There are war crimes. And there are crimes against humanity. The ageing collaborators of the Pakistan army who went on trial in Bangladesh in the 2000s were guilty of pushing their fellow Bengalis to persecution and death in 1971. Justice was served when they walked the gallows. And justice was served as well when the Khmer Rouge, having murdered two million of their citizens, were pushed back into the jungles.
But Augusto Pinochet and his gang were never punished for the crimes they committed against Chileans following the September 1973 coup against the elected government of President Salvador Allende. It is painful when mass murderers die in bed, are given decent burials and leave behind followers immodest enough to look up to them as saviours of nations.
General Suharto and his army systematically engaged in crimes against humanity through murdering anywhere between a million and two million Indonesians suspected to be communists or communist sympathisers. They were never brought to trial for their crimes.
War crimes were committed in Iraq and not only by Saddam Hussein in Kurdish Halabja. When Tony Blair and George W. Bush sent their armies into Iraq in spring 2003, they committed war crimes not only because they invaded a sovereign country without provocation but also caused, by their act, a long string of destruction of the civilizational heritage Iraq represented in human history. The International Criminal Court did not take these crimes into account and Blair and Bush have continued to walk around and travel as free men.

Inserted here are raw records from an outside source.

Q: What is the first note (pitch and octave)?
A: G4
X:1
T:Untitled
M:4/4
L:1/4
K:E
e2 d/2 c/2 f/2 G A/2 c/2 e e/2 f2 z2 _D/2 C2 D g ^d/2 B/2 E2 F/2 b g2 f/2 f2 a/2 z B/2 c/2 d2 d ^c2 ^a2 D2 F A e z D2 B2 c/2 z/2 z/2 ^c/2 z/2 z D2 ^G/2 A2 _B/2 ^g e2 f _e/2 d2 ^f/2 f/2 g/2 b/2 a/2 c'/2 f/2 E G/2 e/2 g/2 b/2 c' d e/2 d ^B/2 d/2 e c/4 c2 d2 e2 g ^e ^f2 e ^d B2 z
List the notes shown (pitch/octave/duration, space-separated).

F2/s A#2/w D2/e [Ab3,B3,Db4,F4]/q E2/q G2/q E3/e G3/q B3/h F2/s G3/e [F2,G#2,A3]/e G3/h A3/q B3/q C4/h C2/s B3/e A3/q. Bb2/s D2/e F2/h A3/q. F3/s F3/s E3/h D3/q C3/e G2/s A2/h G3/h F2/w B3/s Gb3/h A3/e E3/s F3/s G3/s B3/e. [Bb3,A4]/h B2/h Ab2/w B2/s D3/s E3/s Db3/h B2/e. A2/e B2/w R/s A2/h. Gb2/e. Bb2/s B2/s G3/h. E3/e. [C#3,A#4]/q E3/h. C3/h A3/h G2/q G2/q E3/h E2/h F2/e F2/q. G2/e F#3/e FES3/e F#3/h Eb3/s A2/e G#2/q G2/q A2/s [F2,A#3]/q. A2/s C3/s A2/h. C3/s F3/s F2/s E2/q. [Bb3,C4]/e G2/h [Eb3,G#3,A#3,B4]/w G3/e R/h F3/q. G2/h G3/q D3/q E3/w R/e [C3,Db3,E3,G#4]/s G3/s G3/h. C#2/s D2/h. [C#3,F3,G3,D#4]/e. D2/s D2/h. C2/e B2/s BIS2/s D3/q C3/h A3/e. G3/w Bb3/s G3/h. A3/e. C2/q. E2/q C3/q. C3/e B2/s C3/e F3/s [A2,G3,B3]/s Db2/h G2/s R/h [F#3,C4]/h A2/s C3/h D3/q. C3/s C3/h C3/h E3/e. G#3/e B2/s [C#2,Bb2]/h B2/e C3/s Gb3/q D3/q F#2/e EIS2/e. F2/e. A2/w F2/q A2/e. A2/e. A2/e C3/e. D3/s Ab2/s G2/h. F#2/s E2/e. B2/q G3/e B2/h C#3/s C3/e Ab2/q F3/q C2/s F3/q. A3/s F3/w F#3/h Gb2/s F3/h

When war crimes and crimes against humanity are not punished, often in the narrow international interest, it is hypocrisy which issues out of all the noble sentiments voiced on assurance of justice for those who suffer. For decades, thousands of youth in Pakistan's Balochistan province have been killed as well as disappeared by the army.
Human rights organisations have questioned such action by the military, but the army has remained untouched. The Taliban have consistently indulged in crimes against women but have remained impervious to any criticism. Myanmar's military has engaged in an ethnic cleansing of the Rohingyas, with not the slightest hint that the regime will be in the dock someday.

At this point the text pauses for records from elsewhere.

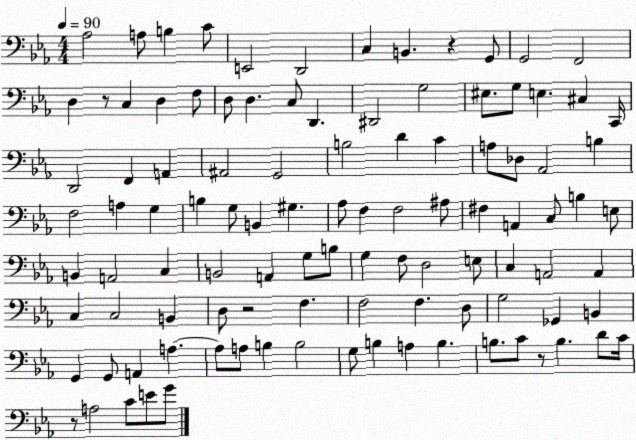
X:1
T:Untitled
M:4/4
L:1/4
K:Eb
_A,2 A,/2 B, C/2 E,,2 D,,2 C, B,, z G,,/2 G,,2 F,,2 D, z/2 C, D, F,/2 D,/2 D, C,/2 D,, ^D,,2 G,2 ^E,/2 G,/2 E, ^C, C,,/4 D,,2 F,, A,, ^A,,2 G,,2 B,2 D C A,/2 _D,/2 _A,,2 B, F,2 A, G, B, G,/2 B,, ^G, _A,/2 F, F,2 ^A,/2 ^F, A,, C,/2 B, E,/2 B,, A,,2 C, B,,2 A,, G,/2 B,/2 G, F,/2 D,2 E,/2 C, A,,2 A,, C, C,2 B,, D,/2 z2 F, F,2 F, D,/2 G,2 _G,, B,, G,, G,,/2 A,, A, A,/2 A,/2 B, B,2 G,/2 B, A, B, B,/2 C/2 z/2 B, D/2 C/4 z/2 A,2 C/2 E/2 G/2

And this general inability or reluctance on the part of the international community to punish those who commit war crimes and crimes against humanity leaves the world open to the commission of misdemeanours by states or those who happen to be their decision-makers.
Harry Truman felt no qualms in dropping the atomic bomb on unarmed, innocent Japanese in Hiroshima and Nagasaki in 1945. That was a clear instance of a war crime, but Truman remained beyond the pale of international law. The Nazis destroyed lives and countries and subsequently were tried at Nuremberg. So were Tojo's imperialist war criminals in Japan.

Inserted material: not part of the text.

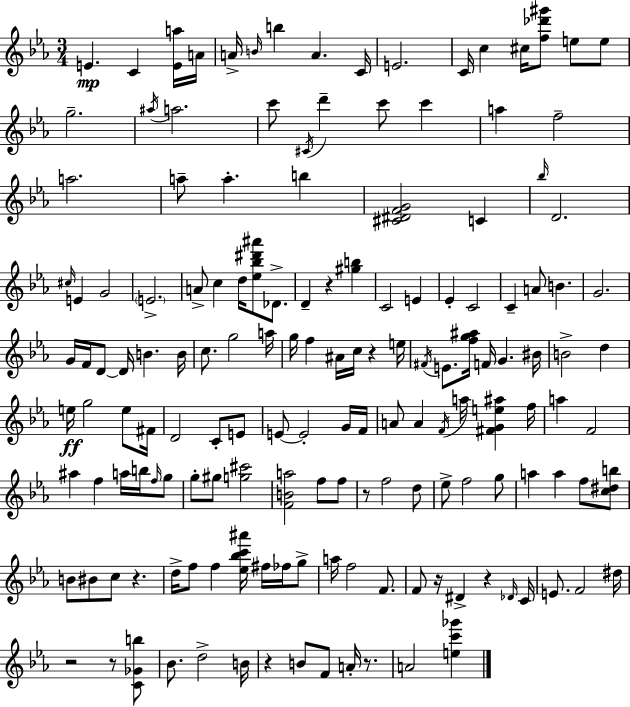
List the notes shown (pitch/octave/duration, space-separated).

E4/q. C4/q [E4,A5]/s A4/s A4/s B4/s B5/q A4/q. C4/s E4/h. C4/s C5/q C#5/s [F5,Db6,G#6]/e E5/e E5/e G5/h. A#5/s A5/h. C6/e C#4/s D6/q C6/e C6/q A5/q F5/h A5/h. A5/e A5/q. B5/q [C#4,D#4,F4,G4]/h C4/q Bb5/s D4/h. C#5/s E4/q G4/h E4/h. A4/e C5/q D5/s [Eb5,Bb5,D#6,A#6]/e Db4/e. D4/q R/q [G#5,B5]/q C4/h E4/q Eb4/q C4/h C4/q A4/e B4/q. G4/h. G4/s F4/s D4/e D4/s B4/q. B4/s C5/e. G5/h A5/s G5/s F5/q A#4/s C5/s R/q E5/s F#4/s E4/e. [F5,G5,A#5]/s F4/s G4/q. BIS4/s B4/h D5/q E5/s G5/h E5/e F#4/s D4/h C4/e E4/e E4/e E4/h G4/s F4/s A4/e A4/q F4/s A5/s [F#4,G4,E5,A#5]/q F5/s A5/q F4/h A#5/q F5/q A5/s B5/s F5/s G5/e G5/e G#5/e [G5,C#6]/h [F4,B4,A5]/h F5/e F5/e R/e F5/h D5/e Eb5/e F5/h G5/e A5/q A5/q F5/e [C5,D#5,B5]/e B4/e BIS4/e C5/e R/q. D5/s F5/e F5/q [Eb5,Bb5,C6,A#6]/s F#5/s FES5/s G5/e A5/s F5/h F4/e. F4/e R/s D#4/q R/q Db4/s C4/s E4/e. F4/h D#5/s R/h R/e [C4,Gb4,B5]/e Bb4/e. D5/h B4/s R/q B4/e F4/e A4/s R/e. A4/h [E5,C6,Gb6]/q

Slobodan Milosevic, Radovan Karadzic and Ratko Mladic could not escape the law after the crimes they committed in the Balkans. Given the double standards on which the law or international convention has operated in relation to such crimes, there are questions whether or not there will ever be action against Netantahyu and his cohorts over Gaza. The ICC has served an arrest warrant against President Putin. Why is it silent on Netanyahu?
War crimes are not merely the deaths of the innocent. They are also an invasion of a country, the continued occupation of land not belonging to the occupiers, the deprivation of food and medicine and water to besieged civilians.
War crimes and crimes against humanity, when not punished, are a hint that the world's leaders are complicit in them. Antonio Guterres' is the lonely voice of sanity in these dark days as the bombs and missiles fall on the Palestinians.